In the tepid comedy, Ripchord, Abby Binder (Holland Taylor) and Marilyn Dunne (Marylouise Burke) are roommates in an elderly residence home. Marilyn, friendly and gregarious, has recently moved into the room much to the chagrin of Abby, who wants nothing more then to be left alone in quietude. Like oil and vinegar the two do not mix well, at least according to Abby. Marilyn, seemingly always positive-minded, has no problem with the living arrangements. Each of the women want something—Abby to be left alone and Marilyn to have the bed by the window. Eventually a bet is wagered with the winner getting their wish. Brought into the fray, in some fashion, is the facility attendant, Scotty (Nate Miller), Marilyn’s daughter Colleen (Rachel Dratch) and son-in-law Derek (Daoud Heidami) and a surprising gentleman caller.
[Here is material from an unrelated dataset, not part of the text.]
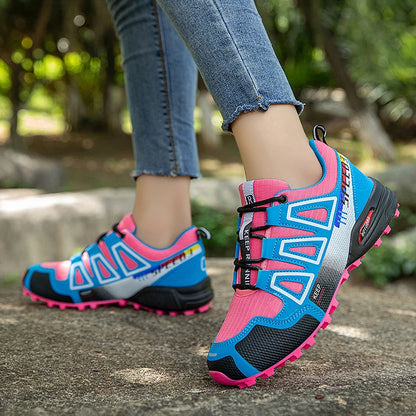 Hiking Shoes Women's Outdoor Hiking Sports Shoes, Non-Slip Hunting Tactical Shoes, Breathable Lace-Up Climbing Shoes, Cycling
Playwright David-Lindsay-Abaire, who has created such impressive dramatic pieces as Rabbit Hole and Good People, has crafted a show that is intermittently amusing. The two protagonists are ready for battle, but are not always properly armed. The play is at its best when Abby and Marilyn are trading barbs and lobbing insults at each other. However, the stinging sarcasm and back and forth repartee is inconsistently funny. The incorporation of Marilyn’s daughter and her husband do liven up the show, producing a steady stream of smiles and chuckling. Also, for such a small-scale production there are quite a few set pieces that, again, are hit or miss on the humor meter.
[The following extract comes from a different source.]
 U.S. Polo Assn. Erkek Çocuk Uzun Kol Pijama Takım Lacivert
You would expect the set-up of Ripchord to be perfectly suited for the talents of Director David Hyde Pierce. His sibling rivalry and battles on the television show Frasier were priceless. In the Broadway comedy, La Bete, his verbal joustings with Mark Rylance were absolutely hysterical. Here, unfortunately, the pacing is more off then on, which has the tendency of the darts and arrows between the two female leads to miss their target more often then not. Hyde Pierce is more successful producing laughs when the featured players join in the fracas.
The cast, for the most part, is superb. Holland Taylor, no slouch when dishing out razor-edged quips and well-appointed bon mots, gives Abby a no-nonsense attitude and laser sharpened glare. She convincingly portrays her character as a self-absorbed bully, but also a woman that has deep life wounds. In contrast, Marylouise Burke is effervescent and literally bounces about the stage. While outwardly cheerful and playful she also gives us a layer of sadness that rounds out her mostly high-spirited character. Both women are also up to the bits of physical humor the production demands. The supporting team of Rachel Dratch and Daoud Heidami are terrific. Every time they appear on stage the twosome provide a needed spark and a dollop of lunacy to the show.
Ripchord, at City Center in New York through December 6th.